More than happy to be involved.

One note from skimming through. I believe we should stay away from making developer experience functions, methods etc. Consistent across all languages.

The key issues I see right now are when we try to make something work across all languages the same when there are massive differences between the idiomatic style and flow of different languages and ecosystems.

I think what we need to do is work out how we provide spec flexibility to allow them, while ensuring standards.

svrnm commented 3 months ago

One note from skimming through. I believe we should stay away from making developer experience functions, methods etc. Consistent across all languages. The key issues I see right now are when we try to make something work across all languages the same when there are massive differences between the idiomatic style and flow of different languages and ecosystems.

Those 2 things are not mutually exclusive by default. You might have expected me saying that already, but I say it anyways;-) -- Consistency is a good thing! So it is something worth to strive for as long as it does not compete with other goals of this SIG, which is providing a good developer experience (which I agree the "flow of a language and ecosystem" can be). The keywords for consistency I find important in the proposal are "named differently" and "experiencing different results". Especially the first one is one that hurts us badly already. This can be improved in the proposal, but eventually it's up to the SIG to draw a line between consistency and other criteria for accomplishing a good experience

tsloughter commented 3 months ago

@dmathieu @julianocosta89 @martinjt are you interested in providing prototypes for particular languages? If so I'd like to note next to your names, in addition to company, what language it is will be covered by your involvement. I'd like to have at least 2 or 3 covered before considering the project personnel needs met.

martinjt commented 3 months ago

Happy to take .NET

dmathieu commented 3 months ago

I can take Go

julianocosta89 commented 2 months ago

@dmathieu @julianocosta89 @martinjt are you interested in providing prototypes for particular languages? If so I'd like to note next to your names, in addition to company, what language it is will be covered by your involvement. I'd like to have at least 2 or 3 covered before considering the project personnel needs met.

I can take Java or Rust

tsloughter commented 2 months ago

@martinjt @dmathieu @julianocosta89 ok, great!

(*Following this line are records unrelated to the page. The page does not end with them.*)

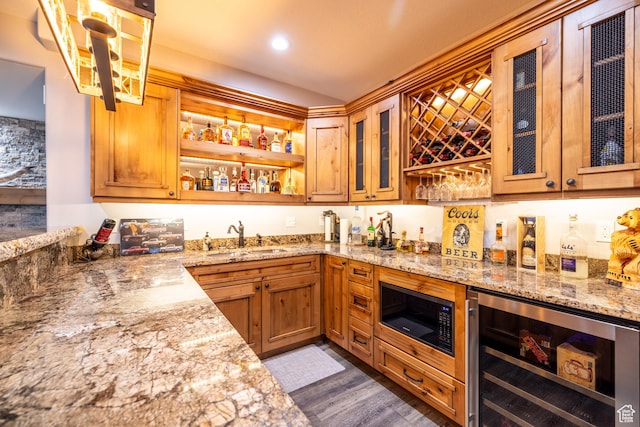 4311 N Diamond Ln, Erda, UT 84074 - indoor wet bar featuring beverage cooler, black microwave, dark wood finished floors, and recessed lighting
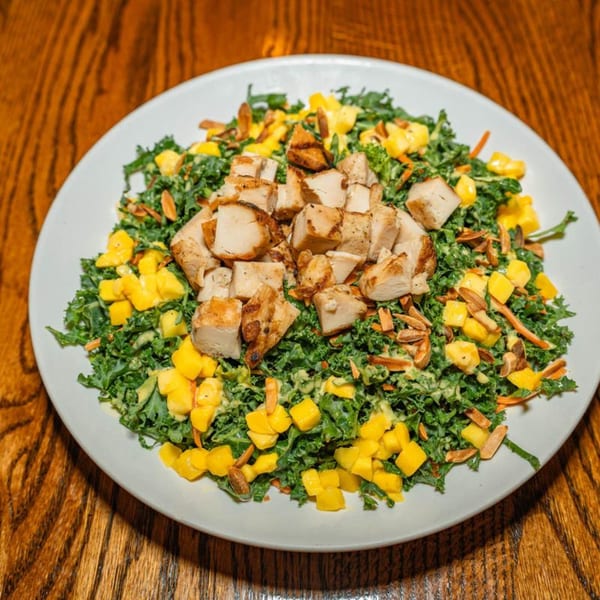 La Taguara Bar & Grill's Venezuelan kale salad with grilled chicken, mango, and almonds.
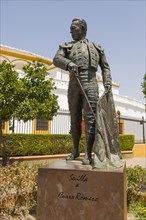 Sculpture of toreador Curro Romero near Plaza de toros de la Real Maestranza de Caballeria de Sevilla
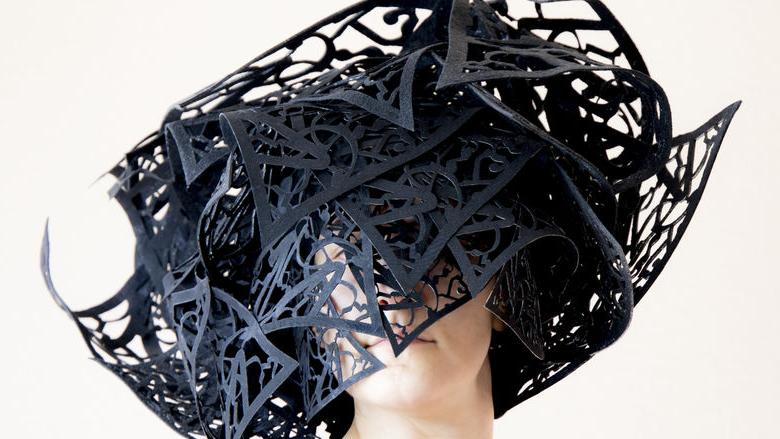 artwork in shape of a hat made of laser cut fiber 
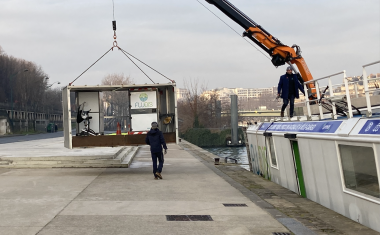 une grue décharge un caisson depuis une péniche vers un quai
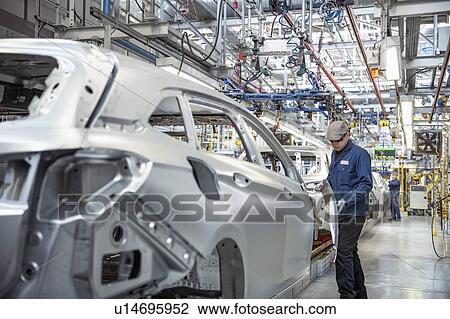 Workers on car production line in car factory View Large Photo Image Stock Image - Workers on car production line in car factory. Fotosearch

I'm adding a part to the doc to cover what @lmolkova brought up about surveying SIGs about existing developer experience improvements they've done and then this should be good to merge and we can move on to slack and setting up a meeting time.

samsp-msft commented 2 months ago

I would like to be involved from the .NET perspective ;-)

stevejgordon commented 2 months ago

I'd be interested in helping with .NET too, if needed.

austinlparker commented 2 months ago

I'm in complete agreement with the proposal, but I think we need to have consensus about the name. We have a proposal for a "contributor experience" SIG, and it will likely be confusing to have a "developer experience" one as well, especially as a good number of contributors are developers.

I don't have a good suggestion, but I know that I'm not the only one with that concern. Therefore, I'm blocking this until we have consensus.

"Developer Experience" and "Contributor Experience" are both terms of art, and for the uninitiated they can be explained in a sentence or two.

samsp-msft commented 2 months ago

What I am interested in is a group dedicated to the experience for Application & Library developers who are consuming OpenTelemetry and using them in their applications. That is a much larger and different audience from those contributing to OpenTelemetry or writing tools such as an APM to consume and display data collected by OpenTelemetry.

Background

On the .NET team, we have included OpenTelemetry as part of the Aspire experience. The Aspire project templates include the OTel libraries, setting up OTLP export and for each component referenced that includes telemetry, we enable it automatically. We added an OTLP endpoint to a dashboard that was originally intended just to show the container running state and have access to the console logs. The dashboard gives a live view of structured logs, metrics and traces, in views conceptually similar to the more established products. The difference is that it's targeted at showing the incoming data in a live fashion. Data is held in memory, there is no storage, no trends, no alerts, no custom dashboard views a-la Grafana. It's much simpler, and more akin to a Wireshark equivalent for OTLP.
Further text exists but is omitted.